But we cannot afford to be complacent. The criminal gangs fuelling the illicit trade are devious and inventive. As the problem evolves, so must the response of policy-makers and law enforcement. We are now confronted with huge volumes of counterfeit from China, a growth in counterfeit production in the EU and a flood of so-called “cheap whites”. Criminals do not operate within the confines of borders and nor must law enforcement.
Our cooperation must continue to lead to concrete results. The next steps should focus on two issues -Firstly the exchange of targeted information and intelligence to ensure that law enforcement are ready to respond to changes in modus operandi, new trends and emerging threats.
The second area of focus should be to identify areas where we have common priorities and targets and where we may be able to join forces to make the most efficient use of precious resources.
We have already had a number of great successes.

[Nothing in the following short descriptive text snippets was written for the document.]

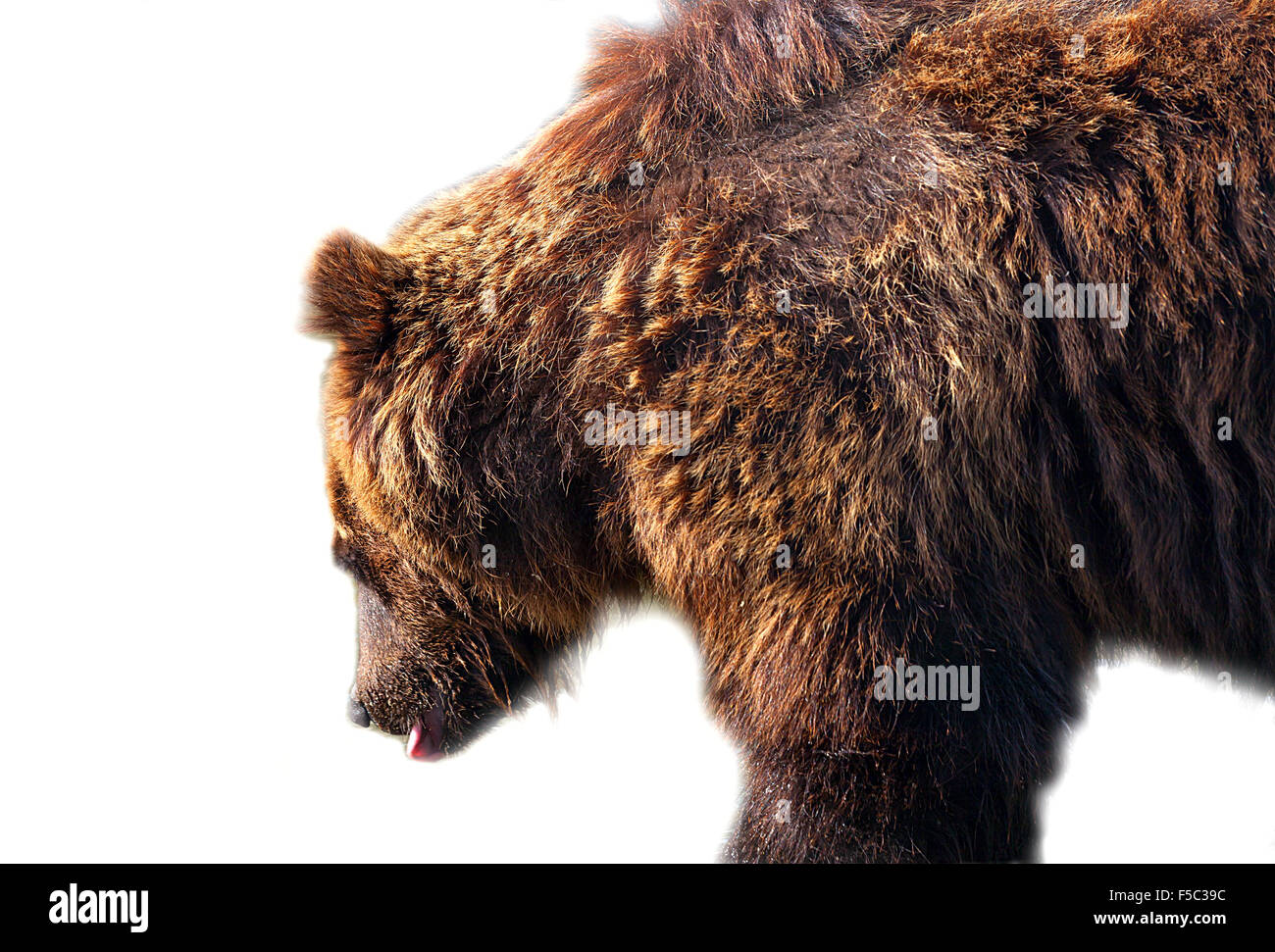 Big brown bear isolated on white background Stock Photo - Alamy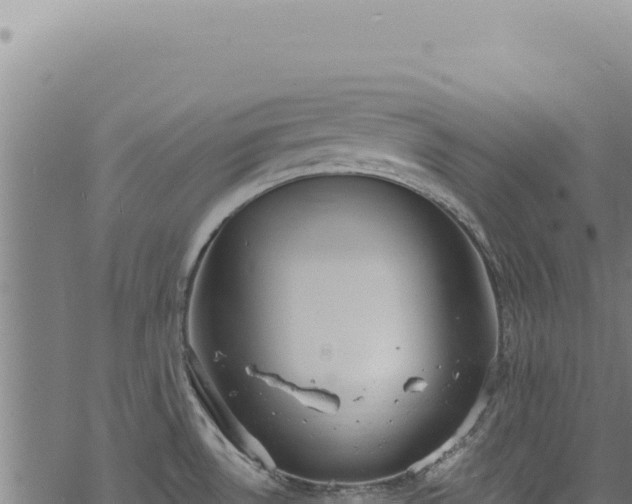 X0000068841530200605121354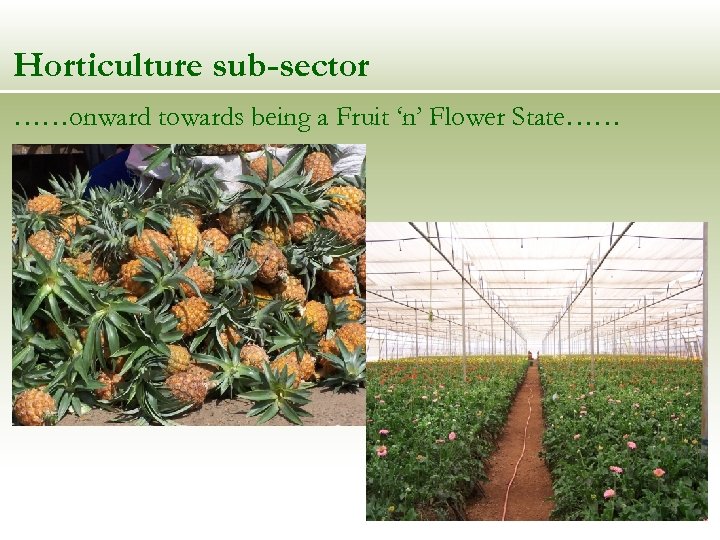Horticulture sub-sector ……onward towards being a Fruit ‘n’ Flower State……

I hope that this conference will generate specific ideas and initiatives to ensure that we do not lose momentum.
In that context we should consider making this a bi-annual event so that we learn from our shared experience and put it into practice in tackling criminal activity together.
Mr Chairman, ladies and gentlemen, I am sure that your discussions in the next few days will be intense and interesting.
It is important for all of us that this dialogue continues on the issues I have mentioned after you return home on Wednesday and that your conclusions produce practical results.
I wish you every success in your discussions and look forwards to seeing their outcome.